» **Task details**: Repeat the records below line by line, exactly, finishing on the line that contains "Replica Rolex Steel".

» **Exercise data**:
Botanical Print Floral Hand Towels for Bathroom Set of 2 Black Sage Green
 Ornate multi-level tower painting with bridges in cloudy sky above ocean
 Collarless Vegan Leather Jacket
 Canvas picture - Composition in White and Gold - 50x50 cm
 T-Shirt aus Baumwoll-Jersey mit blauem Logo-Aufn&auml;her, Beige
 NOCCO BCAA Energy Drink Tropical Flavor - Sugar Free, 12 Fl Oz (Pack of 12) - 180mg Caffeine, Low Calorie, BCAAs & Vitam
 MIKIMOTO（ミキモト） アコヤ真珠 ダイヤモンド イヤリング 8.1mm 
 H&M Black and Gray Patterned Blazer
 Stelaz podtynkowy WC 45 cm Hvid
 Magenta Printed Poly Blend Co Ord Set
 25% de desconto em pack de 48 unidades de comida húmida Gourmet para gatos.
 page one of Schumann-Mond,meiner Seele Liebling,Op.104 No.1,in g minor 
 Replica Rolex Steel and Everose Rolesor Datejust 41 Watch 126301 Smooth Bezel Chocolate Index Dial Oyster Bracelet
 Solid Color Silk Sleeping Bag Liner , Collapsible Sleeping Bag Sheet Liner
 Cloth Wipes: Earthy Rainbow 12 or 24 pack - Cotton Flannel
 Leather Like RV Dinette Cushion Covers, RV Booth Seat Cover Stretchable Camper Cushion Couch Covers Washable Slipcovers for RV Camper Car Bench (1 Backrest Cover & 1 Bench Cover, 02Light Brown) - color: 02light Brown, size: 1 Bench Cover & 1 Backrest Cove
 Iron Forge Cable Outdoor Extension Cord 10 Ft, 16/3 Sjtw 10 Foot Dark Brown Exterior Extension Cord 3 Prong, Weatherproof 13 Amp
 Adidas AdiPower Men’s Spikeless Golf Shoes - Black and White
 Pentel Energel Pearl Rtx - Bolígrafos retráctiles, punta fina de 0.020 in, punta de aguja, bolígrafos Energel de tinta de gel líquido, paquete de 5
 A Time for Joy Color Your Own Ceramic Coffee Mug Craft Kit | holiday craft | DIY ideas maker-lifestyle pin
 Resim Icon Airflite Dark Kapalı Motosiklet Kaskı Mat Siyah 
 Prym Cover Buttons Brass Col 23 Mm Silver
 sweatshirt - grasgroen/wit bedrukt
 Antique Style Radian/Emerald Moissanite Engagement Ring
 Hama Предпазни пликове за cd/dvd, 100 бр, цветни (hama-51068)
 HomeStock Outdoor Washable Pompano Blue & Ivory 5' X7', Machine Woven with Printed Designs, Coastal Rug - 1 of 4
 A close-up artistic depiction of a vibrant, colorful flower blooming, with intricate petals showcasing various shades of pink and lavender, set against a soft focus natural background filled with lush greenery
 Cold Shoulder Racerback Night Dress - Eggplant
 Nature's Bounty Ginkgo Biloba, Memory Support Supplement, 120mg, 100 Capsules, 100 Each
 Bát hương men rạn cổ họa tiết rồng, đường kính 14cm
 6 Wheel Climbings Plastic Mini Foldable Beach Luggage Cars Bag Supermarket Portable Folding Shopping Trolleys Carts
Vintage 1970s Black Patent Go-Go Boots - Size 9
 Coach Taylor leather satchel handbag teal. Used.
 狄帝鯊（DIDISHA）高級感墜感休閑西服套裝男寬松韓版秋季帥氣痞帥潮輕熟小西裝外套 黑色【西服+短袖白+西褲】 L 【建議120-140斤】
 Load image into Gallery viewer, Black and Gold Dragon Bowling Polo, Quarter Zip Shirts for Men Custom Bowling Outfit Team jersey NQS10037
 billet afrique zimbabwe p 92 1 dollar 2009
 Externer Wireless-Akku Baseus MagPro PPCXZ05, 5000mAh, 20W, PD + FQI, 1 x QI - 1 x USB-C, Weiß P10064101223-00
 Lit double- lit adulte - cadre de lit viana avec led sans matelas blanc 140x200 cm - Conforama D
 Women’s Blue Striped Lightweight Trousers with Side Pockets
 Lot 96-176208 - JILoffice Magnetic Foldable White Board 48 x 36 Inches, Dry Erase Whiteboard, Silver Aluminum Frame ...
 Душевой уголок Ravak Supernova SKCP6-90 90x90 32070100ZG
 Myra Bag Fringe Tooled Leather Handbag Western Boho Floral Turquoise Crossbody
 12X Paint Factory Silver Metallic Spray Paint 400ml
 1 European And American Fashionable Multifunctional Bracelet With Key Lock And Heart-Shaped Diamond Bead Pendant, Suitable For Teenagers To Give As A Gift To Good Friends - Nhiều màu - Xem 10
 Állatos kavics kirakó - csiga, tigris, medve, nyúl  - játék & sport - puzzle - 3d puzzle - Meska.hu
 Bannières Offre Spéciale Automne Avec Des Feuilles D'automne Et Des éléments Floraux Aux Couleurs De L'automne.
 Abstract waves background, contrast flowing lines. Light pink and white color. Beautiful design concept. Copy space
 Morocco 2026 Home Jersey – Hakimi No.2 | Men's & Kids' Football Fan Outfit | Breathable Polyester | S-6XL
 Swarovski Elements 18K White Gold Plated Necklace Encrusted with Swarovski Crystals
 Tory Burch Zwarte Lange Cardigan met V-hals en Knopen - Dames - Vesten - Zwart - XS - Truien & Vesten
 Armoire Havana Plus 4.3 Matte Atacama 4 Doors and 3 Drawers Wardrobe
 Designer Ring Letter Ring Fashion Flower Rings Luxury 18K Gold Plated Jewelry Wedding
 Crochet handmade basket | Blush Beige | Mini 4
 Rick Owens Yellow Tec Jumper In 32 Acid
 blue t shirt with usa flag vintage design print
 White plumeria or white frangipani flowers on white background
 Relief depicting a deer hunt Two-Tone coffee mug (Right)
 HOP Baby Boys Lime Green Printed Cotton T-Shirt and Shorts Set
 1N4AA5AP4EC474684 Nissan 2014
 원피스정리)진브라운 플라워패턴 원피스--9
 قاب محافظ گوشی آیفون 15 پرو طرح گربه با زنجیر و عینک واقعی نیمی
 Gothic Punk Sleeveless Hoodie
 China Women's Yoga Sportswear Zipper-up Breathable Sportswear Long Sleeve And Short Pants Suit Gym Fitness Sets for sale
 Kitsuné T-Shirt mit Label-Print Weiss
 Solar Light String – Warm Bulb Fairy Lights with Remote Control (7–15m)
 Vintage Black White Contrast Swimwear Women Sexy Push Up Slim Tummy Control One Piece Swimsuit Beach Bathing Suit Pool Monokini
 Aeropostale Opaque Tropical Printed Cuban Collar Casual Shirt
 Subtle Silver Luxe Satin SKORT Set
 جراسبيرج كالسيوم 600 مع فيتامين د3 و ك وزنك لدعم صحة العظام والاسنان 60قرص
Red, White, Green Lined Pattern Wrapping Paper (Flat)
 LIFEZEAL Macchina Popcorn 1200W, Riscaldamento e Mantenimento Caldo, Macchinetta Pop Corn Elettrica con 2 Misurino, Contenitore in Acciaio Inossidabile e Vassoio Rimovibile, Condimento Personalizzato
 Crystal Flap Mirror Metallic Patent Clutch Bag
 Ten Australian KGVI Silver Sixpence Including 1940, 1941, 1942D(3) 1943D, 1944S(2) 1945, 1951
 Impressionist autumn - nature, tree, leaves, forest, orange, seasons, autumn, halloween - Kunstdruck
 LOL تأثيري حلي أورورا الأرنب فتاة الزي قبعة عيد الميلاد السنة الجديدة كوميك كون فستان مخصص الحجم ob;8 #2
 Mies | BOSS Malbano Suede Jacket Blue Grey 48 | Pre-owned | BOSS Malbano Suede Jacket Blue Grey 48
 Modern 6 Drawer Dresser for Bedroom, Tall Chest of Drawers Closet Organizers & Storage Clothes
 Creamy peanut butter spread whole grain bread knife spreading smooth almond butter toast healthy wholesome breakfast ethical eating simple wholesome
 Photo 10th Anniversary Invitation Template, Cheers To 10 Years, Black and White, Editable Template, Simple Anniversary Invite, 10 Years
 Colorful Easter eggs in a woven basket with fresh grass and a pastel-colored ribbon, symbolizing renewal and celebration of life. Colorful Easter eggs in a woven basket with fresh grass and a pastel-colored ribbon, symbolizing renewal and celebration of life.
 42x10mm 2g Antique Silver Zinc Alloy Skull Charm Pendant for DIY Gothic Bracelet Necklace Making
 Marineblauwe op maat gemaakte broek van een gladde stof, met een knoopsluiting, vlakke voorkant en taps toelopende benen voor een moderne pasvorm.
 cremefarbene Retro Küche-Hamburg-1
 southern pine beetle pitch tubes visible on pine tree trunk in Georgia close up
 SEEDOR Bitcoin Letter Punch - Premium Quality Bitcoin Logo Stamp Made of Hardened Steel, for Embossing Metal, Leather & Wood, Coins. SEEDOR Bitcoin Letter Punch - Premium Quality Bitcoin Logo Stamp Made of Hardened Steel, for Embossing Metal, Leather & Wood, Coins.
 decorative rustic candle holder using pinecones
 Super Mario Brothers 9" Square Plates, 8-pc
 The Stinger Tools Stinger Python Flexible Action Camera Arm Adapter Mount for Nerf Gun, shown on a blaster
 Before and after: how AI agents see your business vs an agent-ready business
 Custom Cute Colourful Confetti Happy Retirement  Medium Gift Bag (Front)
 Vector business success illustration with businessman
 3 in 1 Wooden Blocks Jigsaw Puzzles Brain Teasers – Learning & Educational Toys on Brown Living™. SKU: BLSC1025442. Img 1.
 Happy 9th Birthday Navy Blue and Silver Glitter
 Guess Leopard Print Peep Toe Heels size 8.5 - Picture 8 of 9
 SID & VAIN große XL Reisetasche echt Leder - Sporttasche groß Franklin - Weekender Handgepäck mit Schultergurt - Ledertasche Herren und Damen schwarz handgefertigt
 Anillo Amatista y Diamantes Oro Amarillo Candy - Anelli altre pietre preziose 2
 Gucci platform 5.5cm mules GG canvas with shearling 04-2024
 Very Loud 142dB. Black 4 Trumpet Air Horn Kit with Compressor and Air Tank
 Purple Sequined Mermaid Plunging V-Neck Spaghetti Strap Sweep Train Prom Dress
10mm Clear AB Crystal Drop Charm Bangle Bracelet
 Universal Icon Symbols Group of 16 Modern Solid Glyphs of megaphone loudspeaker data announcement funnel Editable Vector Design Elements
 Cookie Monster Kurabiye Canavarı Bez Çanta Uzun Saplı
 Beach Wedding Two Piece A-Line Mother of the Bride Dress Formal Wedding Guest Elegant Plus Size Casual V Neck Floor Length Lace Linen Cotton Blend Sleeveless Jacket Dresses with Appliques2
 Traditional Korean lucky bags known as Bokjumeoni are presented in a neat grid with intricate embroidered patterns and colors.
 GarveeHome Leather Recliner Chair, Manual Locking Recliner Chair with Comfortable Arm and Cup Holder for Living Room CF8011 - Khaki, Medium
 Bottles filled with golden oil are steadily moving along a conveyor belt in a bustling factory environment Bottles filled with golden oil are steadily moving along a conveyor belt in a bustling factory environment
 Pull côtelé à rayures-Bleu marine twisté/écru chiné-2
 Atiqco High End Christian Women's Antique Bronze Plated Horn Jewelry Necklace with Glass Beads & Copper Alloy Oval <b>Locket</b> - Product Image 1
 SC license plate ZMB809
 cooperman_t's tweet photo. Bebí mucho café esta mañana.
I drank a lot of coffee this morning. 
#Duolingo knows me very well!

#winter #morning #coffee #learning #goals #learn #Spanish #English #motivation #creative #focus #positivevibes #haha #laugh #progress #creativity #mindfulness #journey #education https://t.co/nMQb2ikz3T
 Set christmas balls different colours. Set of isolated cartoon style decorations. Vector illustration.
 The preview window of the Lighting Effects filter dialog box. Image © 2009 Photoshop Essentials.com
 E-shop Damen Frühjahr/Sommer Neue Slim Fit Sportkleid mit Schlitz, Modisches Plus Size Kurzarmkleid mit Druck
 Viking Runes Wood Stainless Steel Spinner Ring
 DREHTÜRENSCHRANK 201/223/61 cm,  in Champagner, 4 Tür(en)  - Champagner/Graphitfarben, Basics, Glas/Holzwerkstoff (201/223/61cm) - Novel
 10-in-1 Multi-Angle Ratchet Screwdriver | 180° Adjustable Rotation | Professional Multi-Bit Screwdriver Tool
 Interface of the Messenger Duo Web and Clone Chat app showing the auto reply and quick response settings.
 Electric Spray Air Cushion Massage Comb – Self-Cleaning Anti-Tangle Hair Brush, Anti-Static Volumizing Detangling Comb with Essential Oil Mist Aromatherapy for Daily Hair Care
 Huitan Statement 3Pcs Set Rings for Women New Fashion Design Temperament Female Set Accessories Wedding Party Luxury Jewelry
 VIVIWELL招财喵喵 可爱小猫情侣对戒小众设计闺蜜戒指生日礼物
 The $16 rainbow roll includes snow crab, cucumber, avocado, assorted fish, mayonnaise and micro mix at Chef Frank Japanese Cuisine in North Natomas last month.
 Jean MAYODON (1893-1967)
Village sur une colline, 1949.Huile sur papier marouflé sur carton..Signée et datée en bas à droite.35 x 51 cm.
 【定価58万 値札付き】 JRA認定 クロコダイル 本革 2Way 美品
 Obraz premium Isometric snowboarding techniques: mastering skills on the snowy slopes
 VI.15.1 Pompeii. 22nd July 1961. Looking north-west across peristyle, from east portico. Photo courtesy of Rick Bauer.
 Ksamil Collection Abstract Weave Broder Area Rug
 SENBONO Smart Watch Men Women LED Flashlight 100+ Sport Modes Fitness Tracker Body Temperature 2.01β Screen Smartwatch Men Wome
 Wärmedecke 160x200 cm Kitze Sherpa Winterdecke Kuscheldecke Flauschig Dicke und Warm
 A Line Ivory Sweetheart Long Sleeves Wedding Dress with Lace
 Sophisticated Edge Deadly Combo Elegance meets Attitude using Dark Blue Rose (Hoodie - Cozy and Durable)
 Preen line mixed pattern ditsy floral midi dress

» **Exercise answer**:
Botanical Print Floral Hand Towels for Bathroom Set of 2 Black Sage Green
 Ornate multi-level tower painting with bridges in cloudy sky above ocean
 Collarless Vegan Leather Jacket
 Canvas picture - Composition in White and Gold - 50x50 cm
 T-Shirt aus Baumwoll-Jersey mit blauem Logo-Aufn&auml;her, Beige
 NOCCO BCAA Energy Drink Tropical Flavor - Sugar Free, 12 Fl Oz (Pack of 12) - 180mg Caffeine, Low Calorie, BCAAs & Vitam
 MIKIMOTO（ミキモト） アコヤ真珠 ダイヤモンド イヤリング 8.1mm 
 H&M Black and Gray Patterned Blazer
 Stelaz podtynkowy WC 45 cm Hvid
 Magenta Printed Poly Blend Co Ord Set
 25% de desconto em pack de 48 unidades de comida húmida Gourmet para gatos.
 page one of Schumann-Mond,meiner Seele Liebling,Op.104 No.1,in g minor 
 Replica Rolex Steel and Everose Rolesor Datejust 41 Watch 126301 Smooth Bezel Chocolate Index Dial Oyster Bracelet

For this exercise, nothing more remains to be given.